**Due**: 2018-12-04 (start of class)

**Starter code**: project-iv.Rmd,
project-iv-lab.Rmd

**Rubric**: project-iv-rubric.csv

For this project you are going to select a topic in statistical programming or data analysis that we have not covered. You will create a set of class tutorial notes and a lab similar to the ones we have used this semester. During the last week of the semester, you will give a brief presentation of the tutorial.
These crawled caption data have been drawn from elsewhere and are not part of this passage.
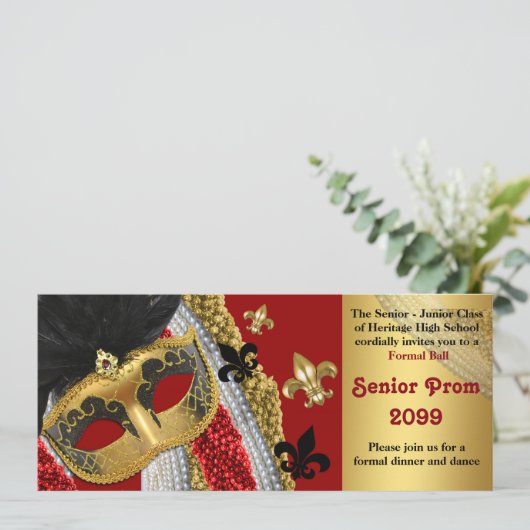 Prom Einladung Ticket Stil,Masquerade,Chic,Trend (Stehend Vorderseite)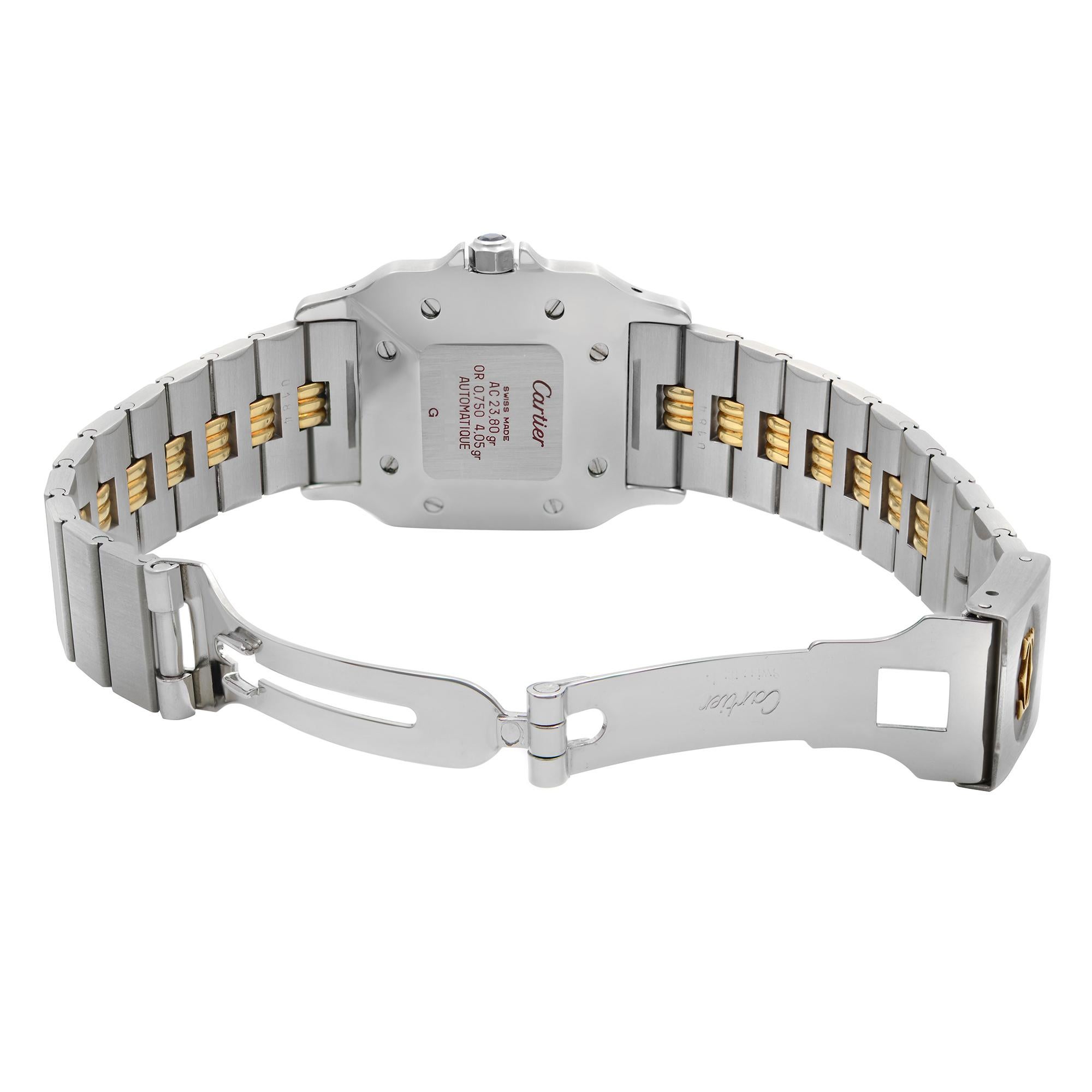 Cartier Santos Galbee 18k Gold Steel White Dial Automatic Unisex Watch 2961 2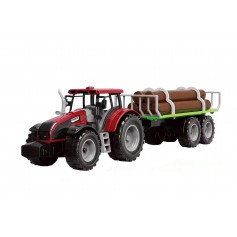 Oem - Tractor agricol de jucarie cu lemne si remorca, actionare prin frictiune 47 cm - Jucării exterior - TZ692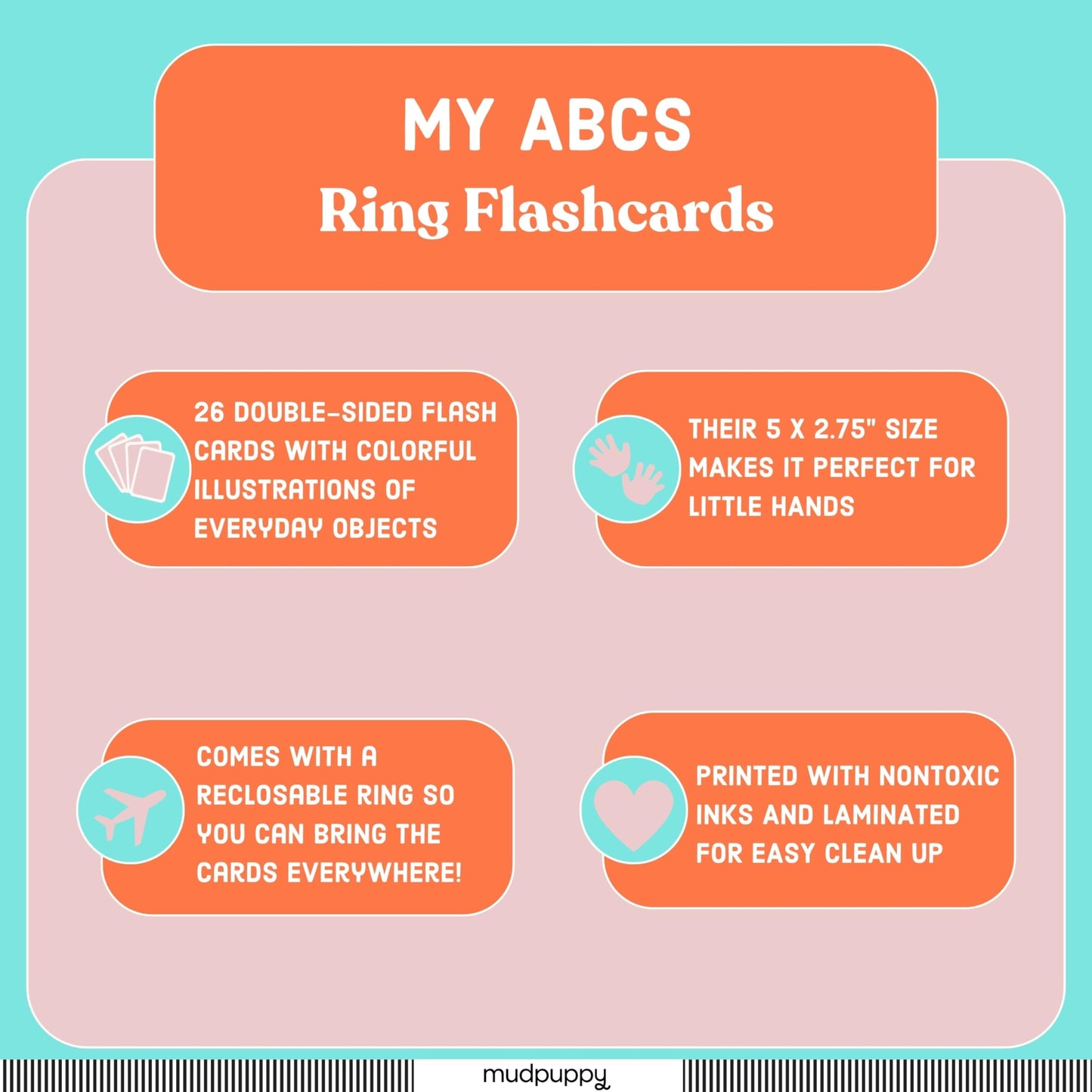 Mudpuppy My Abc'S - Ring Flashcards 26 Durable Double Sided Alphabet Cards And Reclosable Ring With Colorful Art For Kids Ages 3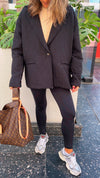 Black Belted Quilted Blazer Jacket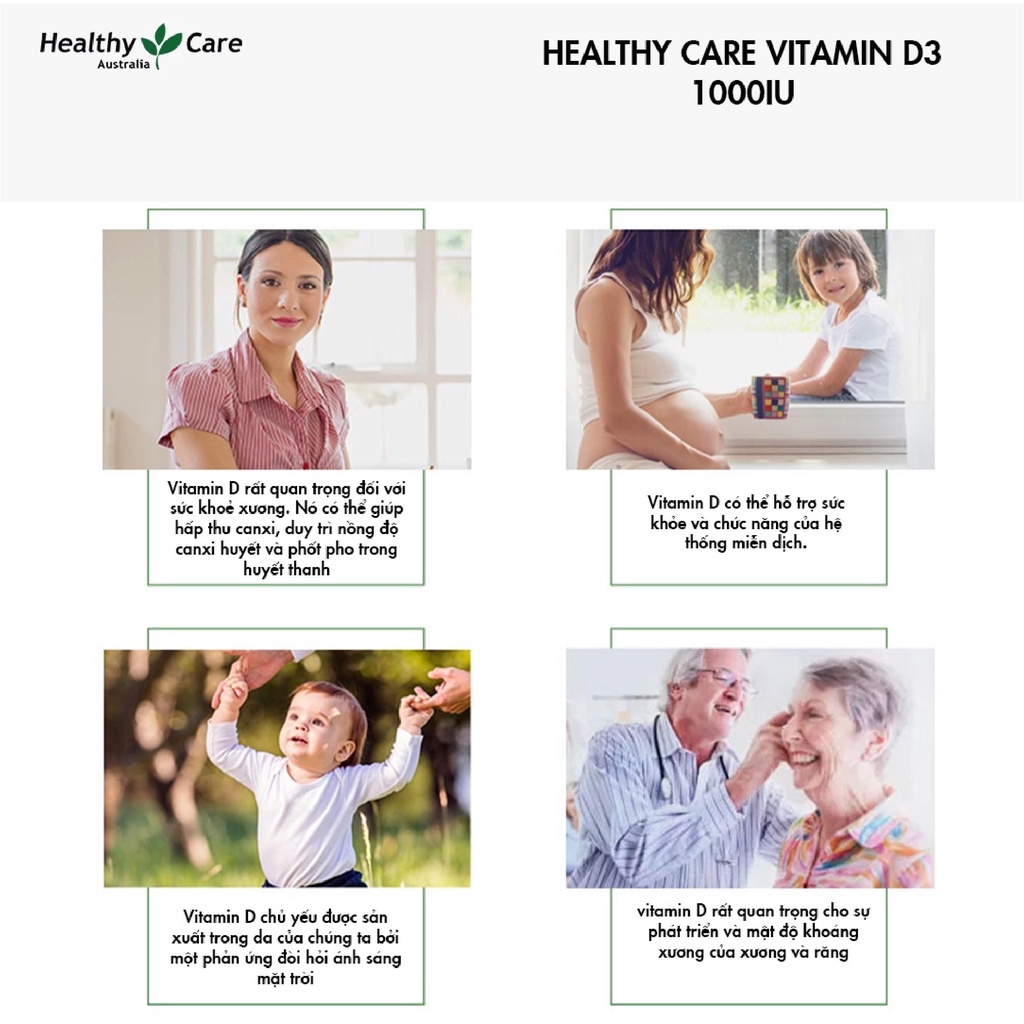 Viên uống chống loãng xương Healthy Care Vitamin D3 1000IU 250 viên Úc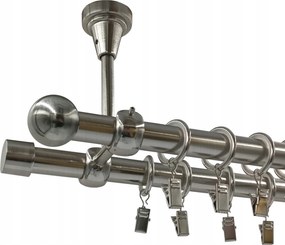 Mennyezeti Függönykarnis Nikkel 19+19mm Golyó 120cm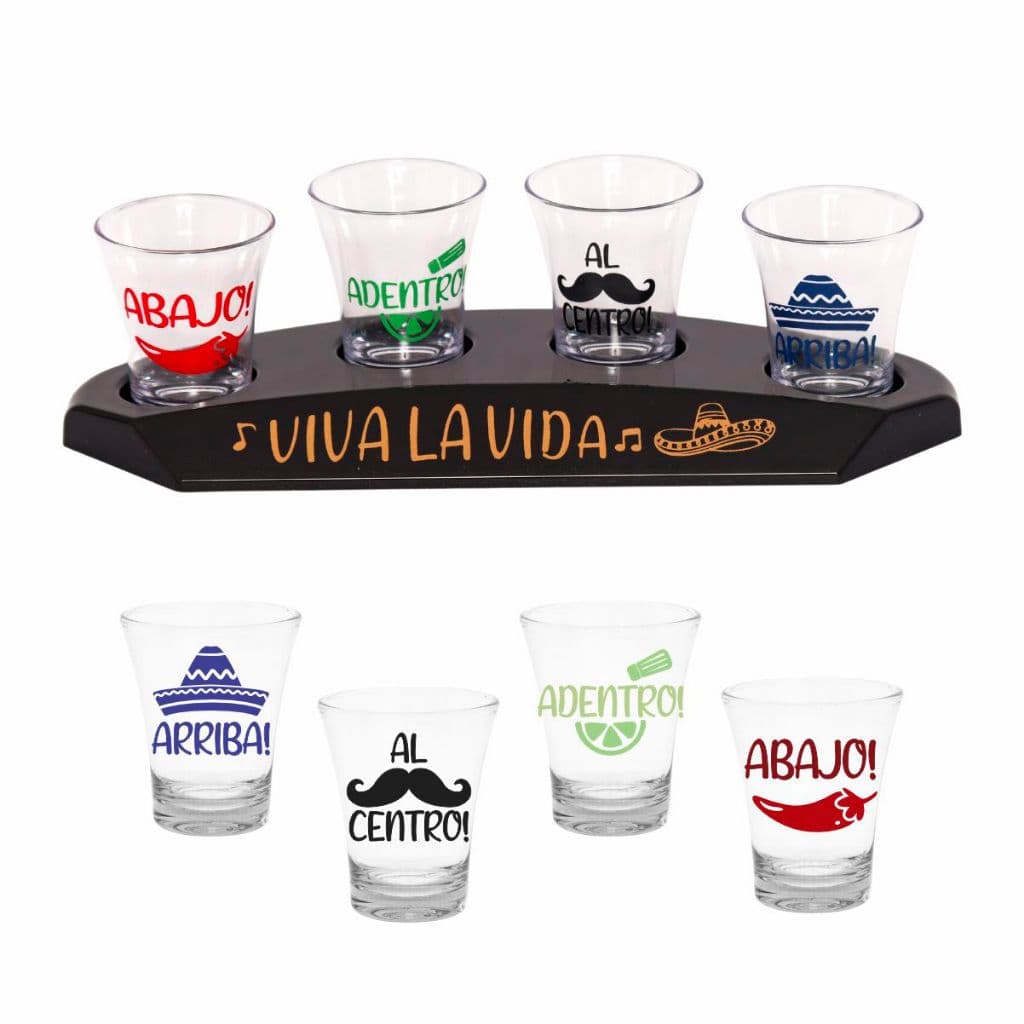 Base Acrilica com 4 copos de dose Personalizados shot pinga cachaça - Aloha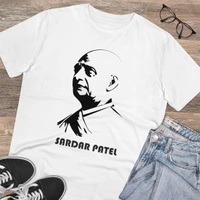 Men's PC Cotton Sardar Patel Printed T Shirt (Color: White, Thread Count: 180GSM) - White, 0.25, Solid, L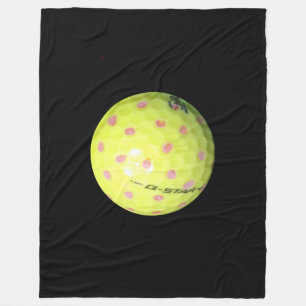 Manta Polar Bolas De Golf Amarillas En Negro,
I will make all of these available on the class website so that everyone can read and benefit from them.

I am open to other options, but here are some ideas that would be good topics.

We will discuss other possibilities in class, but here are several options of topics for the project:

- using the
`glm`

function to fit a logistic regression - using the
`glm`

function to fit a Poisson regression - how to visualize network/graph data (
**igraph**) - using the
`melt`

function (see**reshape**) - using the
`gather`

function (see**tidyr**) - loading, writing, and basic manipulation of image data
- running a topic model over a corpus of texts
- running and tuning a random forest model (
**randomforest**) - running and visualizing a gradient boosted trees (see
**gbm**) - dealing with missing values
- how to make interactive graphics with
**ggplotly** - making use of “base” graphics (see the function
**plot**) - using the penalized lasso (
**glmnet**) - fitting an autoregressive model (see the
`arima()`

function) - fitting a moving averages model (see the
`arima()`

function) - using the Kolmogorov-Smirnov test (see
`ks.test()`

)

Note that you should, as part of the tutorial, find 1-2 datasets that you can demonstrate the material with and ask questions on. I suggest setting up your lab to include roughly 10 questions. I will meet with everyone while working on this project to make sure the scope of the tutorial is neither too narrow nor too broad.